How President Biden’s Agenda Could Affect Your Money

While many of the issues Biden has prioritized have begun to be addressed, many of them are still in their infancy, with the details of how they will be implemented and funded still to be determined. The following steps have already been implemented or proposed in Biden’s plan:

  1. In early March, Biden signed a $1.9 trillion COVID-19 relief bill (named “The American Rescue Plan”), providing stimulus payments, unemployment benefits, and child tax credits to millions of Americans to help stimulate the economy.
  2. On March 31, through the “American Jobs Plan,” Biden outlined a nearly $2 trillion infrastructure and jobs plan that is to be funded primarily through a corporate tax hike and additional measures designed to discourage U.S. corporations from moving their operations overseas to reduce or eliminate U.S. taxation (i.e., “offshoring”).
  3. The American Rescue Plan also allocates significant funding for providing vaccinations to all Americans at no cost if needed, and additional funds to help the nation’s food service industry and K-12 schools survive the financial impacts of the pandemic.
  4. The proposed “American Families Plan” by the White House in late April is also designed to help families cover basic expenses, gain greater access to health care insurance, and reduce child poverty through the use of child tax credits and similar measures.

These large spending bills, both passed and proposed, will need to be funded in some manner. Currently the following are some of the changes to the tax laws that could have a significant impact on your estate planning:

  1. Increase IRS enforcement efforts of wealthy taxpayers. The White House has determined that significant tax revenues are being left on the table due to the inability of the IRS to enforce current tax laws. Biden has proposed increased funding of the IRS to enforce laws against tax avoidance abuses and increase audits to ensure taxes that are in fact owed are being assessed and collected.
  2. Elimination of the rule of step-up in basis at death. This proposed change to the tax code would eliminate the benefit of receiving a step-up in tax basis on inherited property in the hands of a deceased individual’s heirs and beneficiaries for gains in excess of $1 million (or $2.5 million per couple when combined with existing real estate exemptions). This could result in significant capital gains taxes being assessed upon the sale of the property once it has been inherited. However, certain exceptions to this rule for small business owners and farmers would be preserved under the proposed legislation.
  3. Increases in top income tax rate. Another Biden proposal under consideration is the increase in the top individual tax rate from 37 percent to 39.6 percent and elimination of the lower capital gains tax rates otherwise available for those earning over $1 million annually. Rather, capital gains would be taxed as ordinary income for those earning over $1 million annually.
  4. Reducing potential benefits of 1031 exchanges. The President is calling on Congress to reduce the benefits available with the special tax break that allows real estate investors to defer paying capital gains taxes when they exchange properties.

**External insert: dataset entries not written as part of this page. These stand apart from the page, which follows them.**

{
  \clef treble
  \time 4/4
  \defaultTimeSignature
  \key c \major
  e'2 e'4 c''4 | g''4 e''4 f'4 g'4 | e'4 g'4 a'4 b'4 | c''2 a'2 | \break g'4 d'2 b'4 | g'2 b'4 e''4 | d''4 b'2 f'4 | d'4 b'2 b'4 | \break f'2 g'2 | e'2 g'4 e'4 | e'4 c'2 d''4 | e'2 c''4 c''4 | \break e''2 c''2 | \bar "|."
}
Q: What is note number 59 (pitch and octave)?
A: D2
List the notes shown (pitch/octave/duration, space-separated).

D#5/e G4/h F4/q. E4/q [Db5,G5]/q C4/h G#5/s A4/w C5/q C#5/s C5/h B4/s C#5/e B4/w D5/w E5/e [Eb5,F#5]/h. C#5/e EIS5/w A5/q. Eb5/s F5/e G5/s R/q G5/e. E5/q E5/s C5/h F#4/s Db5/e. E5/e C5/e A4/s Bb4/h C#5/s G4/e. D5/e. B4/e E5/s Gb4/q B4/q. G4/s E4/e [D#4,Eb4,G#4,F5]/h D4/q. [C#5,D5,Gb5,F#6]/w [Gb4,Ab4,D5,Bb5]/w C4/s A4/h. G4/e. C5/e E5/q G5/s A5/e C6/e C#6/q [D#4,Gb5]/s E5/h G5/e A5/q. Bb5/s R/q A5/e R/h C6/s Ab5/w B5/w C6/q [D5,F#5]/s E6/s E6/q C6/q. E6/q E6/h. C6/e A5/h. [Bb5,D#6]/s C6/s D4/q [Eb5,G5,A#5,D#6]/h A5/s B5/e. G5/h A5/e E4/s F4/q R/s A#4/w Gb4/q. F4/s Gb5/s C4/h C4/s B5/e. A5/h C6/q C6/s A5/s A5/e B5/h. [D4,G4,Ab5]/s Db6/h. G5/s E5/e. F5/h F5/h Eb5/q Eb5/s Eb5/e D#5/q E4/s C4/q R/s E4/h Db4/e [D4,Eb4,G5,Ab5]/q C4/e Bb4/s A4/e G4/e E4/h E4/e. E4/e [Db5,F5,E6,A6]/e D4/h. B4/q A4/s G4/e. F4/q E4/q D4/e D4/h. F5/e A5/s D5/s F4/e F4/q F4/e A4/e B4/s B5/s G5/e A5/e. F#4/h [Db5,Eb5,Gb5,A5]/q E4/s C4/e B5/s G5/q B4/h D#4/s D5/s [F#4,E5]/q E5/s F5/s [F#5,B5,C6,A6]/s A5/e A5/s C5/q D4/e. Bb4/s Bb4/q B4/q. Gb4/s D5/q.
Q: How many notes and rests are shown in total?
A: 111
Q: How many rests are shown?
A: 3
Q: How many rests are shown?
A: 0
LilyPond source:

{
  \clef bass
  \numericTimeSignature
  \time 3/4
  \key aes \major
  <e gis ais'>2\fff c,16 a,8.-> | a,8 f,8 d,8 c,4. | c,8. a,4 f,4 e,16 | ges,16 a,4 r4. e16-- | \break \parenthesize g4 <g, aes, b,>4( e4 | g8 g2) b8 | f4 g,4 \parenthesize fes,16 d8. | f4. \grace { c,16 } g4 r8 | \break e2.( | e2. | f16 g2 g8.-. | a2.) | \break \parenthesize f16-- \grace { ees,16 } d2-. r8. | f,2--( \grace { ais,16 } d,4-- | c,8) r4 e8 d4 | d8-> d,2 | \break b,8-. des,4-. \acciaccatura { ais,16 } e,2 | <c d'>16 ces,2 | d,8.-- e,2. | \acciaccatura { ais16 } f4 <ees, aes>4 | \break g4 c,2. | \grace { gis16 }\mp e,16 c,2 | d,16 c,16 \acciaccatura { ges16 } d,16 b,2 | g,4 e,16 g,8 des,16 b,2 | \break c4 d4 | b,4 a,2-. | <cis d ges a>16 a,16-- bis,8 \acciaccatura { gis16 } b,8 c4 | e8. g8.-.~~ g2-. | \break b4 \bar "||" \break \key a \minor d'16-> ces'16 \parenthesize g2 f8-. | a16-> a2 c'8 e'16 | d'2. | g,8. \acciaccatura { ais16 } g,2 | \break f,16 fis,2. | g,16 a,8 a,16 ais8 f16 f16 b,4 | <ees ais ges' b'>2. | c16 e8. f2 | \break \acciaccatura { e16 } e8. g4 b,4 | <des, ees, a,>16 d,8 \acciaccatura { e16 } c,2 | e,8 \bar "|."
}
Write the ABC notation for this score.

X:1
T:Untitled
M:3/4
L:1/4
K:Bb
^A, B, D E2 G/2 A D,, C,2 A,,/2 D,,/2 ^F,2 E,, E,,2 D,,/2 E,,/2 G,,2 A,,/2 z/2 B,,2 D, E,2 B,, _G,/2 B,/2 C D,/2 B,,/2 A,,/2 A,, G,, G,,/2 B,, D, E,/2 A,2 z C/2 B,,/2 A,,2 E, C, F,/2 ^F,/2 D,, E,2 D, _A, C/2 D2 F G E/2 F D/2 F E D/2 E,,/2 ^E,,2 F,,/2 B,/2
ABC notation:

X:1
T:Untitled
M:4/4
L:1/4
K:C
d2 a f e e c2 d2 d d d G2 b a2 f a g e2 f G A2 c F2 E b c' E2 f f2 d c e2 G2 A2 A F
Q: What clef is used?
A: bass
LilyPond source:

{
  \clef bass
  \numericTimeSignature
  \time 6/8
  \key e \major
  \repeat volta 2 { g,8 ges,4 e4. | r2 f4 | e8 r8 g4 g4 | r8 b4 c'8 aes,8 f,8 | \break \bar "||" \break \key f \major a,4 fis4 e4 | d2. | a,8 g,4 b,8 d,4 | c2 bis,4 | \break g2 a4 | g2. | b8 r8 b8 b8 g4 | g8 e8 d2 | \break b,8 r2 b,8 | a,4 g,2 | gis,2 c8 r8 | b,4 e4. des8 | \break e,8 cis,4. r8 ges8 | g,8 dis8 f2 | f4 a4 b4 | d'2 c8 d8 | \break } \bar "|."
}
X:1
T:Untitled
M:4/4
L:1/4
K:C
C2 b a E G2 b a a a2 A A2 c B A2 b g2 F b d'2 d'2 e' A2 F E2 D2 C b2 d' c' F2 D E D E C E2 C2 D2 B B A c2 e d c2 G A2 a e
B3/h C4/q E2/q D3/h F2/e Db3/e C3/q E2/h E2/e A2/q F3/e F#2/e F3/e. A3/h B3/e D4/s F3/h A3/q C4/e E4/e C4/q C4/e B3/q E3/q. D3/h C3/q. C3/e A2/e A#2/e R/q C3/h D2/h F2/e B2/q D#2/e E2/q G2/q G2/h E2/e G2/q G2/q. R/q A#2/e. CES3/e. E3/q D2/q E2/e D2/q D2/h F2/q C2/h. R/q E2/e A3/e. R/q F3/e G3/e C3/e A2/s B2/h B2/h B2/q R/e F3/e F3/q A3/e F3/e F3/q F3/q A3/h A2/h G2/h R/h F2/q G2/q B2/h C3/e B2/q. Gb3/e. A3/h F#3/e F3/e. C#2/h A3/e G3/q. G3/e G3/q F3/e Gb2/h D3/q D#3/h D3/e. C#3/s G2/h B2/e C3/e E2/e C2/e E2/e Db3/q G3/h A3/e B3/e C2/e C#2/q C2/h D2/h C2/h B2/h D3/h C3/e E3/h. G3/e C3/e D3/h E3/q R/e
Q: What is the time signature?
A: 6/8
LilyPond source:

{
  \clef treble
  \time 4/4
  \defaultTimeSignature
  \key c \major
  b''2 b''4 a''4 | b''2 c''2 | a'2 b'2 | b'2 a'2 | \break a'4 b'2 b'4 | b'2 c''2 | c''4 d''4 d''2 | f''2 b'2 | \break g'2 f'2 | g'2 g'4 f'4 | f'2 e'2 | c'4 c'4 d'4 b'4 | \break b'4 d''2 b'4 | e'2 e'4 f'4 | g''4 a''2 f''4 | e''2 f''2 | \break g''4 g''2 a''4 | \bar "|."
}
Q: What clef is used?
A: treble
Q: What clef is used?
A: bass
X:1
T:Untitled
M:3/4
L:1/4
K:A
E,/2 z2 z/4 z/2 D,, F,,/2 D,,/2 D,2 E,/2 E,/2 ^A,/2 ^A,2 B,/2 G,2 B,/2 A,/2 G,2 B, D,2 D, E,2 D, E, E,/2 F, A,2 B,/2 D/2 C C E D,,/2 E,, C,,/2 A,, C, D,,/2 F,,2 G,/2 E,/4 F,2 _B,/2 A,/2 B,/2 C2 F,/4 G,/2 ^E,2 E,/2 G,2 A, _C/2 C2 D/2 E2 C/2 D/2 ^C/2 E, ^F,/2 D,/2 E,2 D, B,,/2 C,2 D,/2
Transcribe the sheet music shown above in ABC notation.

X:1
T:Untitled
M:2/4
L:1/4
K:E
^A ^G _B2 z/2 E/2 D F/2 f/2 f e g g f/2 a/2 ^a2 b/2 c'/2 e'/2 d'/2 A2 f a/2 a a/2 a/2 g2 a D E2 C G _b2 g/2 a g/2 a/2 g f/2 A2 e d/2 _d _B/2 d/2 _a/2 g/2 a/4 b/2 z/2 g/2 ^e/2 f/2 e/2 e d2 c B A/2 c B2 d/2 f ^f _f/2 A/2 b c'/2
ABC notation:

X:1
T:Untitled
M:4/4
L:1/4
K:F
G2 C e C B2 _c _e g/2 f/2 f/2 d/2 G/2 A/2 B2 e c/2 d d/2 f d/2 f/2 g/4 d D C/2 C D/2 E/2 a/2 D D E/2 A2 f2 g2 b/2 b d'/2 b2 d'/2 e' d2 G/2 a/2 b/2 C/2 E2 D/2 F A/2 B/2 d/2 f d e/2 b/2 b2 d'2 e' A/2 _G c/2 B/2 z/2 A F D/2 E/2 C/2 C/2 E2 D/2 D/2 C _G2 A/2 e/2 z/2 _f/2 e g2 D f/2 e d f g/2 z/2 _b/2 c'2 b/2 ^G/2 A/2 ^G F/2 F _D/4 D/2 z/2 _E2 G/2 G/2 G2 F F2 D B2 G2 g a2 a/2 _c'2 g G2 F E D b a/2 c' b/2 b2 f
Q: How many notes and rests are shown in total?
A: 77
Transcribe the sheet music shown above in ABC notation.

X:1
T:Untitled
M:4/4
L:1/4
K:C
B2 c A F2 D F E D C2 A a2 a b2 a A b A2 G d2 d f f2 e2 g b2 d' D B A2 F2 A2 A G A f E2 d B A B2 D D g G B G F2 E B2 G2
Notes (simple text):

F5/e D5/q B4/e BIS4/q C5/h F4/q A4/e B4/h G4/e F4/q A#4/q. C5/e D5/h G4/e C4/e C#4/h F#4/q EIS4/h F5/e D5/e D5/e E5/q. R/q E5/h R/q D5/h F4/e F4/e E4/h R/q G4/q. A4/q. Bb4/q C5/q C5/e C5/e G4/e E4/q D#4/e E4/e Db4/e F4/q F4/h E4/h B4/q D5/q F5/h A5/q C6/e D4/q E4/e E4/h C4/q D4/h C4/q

Flexibility Is Key in These Uncertain Times

We are living in a time of significant uncertainty when it comes to estate planning and the economy. As a result, it is more important than ever to ensure your estate plan is designed in a way that enables you to move quickly and take advantage of estate and tax planning opportunities that may arise or those that may be eliminated soon.

Additionally, there remain many non-tax-related reasons to keep your estate planning up-to-date and relevant to your current circumstances:

  • Protecting property for the benefit of your loved ones. Careful estate planning can do more than just avoid taxes. It can also ensure that your loved ones are the only people to benefit from your wealth by protecting inheritances from threats such as lawsuits, bankruptcy, divorcing spouses, and poor management and spending habits. By using various estate planning techniques such as trusts, LLCs and family limited partnerships, and exempt property planning, significant protections can be created for your loved ones.
  • Avoiding probate courts. Quality estate planning frequently incorporates a variety of probate avoidance techniques, such as using fully funded trusts, proper beneficiary designations, and lifetime transfers to beneficiaries. By avoiding probate, you can ensure that your family’s privacy is maintained and prevent needless court interference and challenges to your estate planning.
  • Planning for incapacity and long-term care. Using powers of attorney, healthcare directives, trusts, and healthcare privacy information authorization documents, you can ensure that only those whom you trust to manage your healthcare decisions and finances are the ones to do so if you ever become incapacitated.

Keeping abreast of the whirlwind of changes in the law and the economy can be a tall order for anyone when it comes to maintaining an estate plan. That is why having an estate plan with appropriate provisions that allow for flexibility is so important. We are prepared to keep you apprised of the legislative changes that are headed our way and will help you stay informed so you can move quickly if changes to your estate plan become necessary.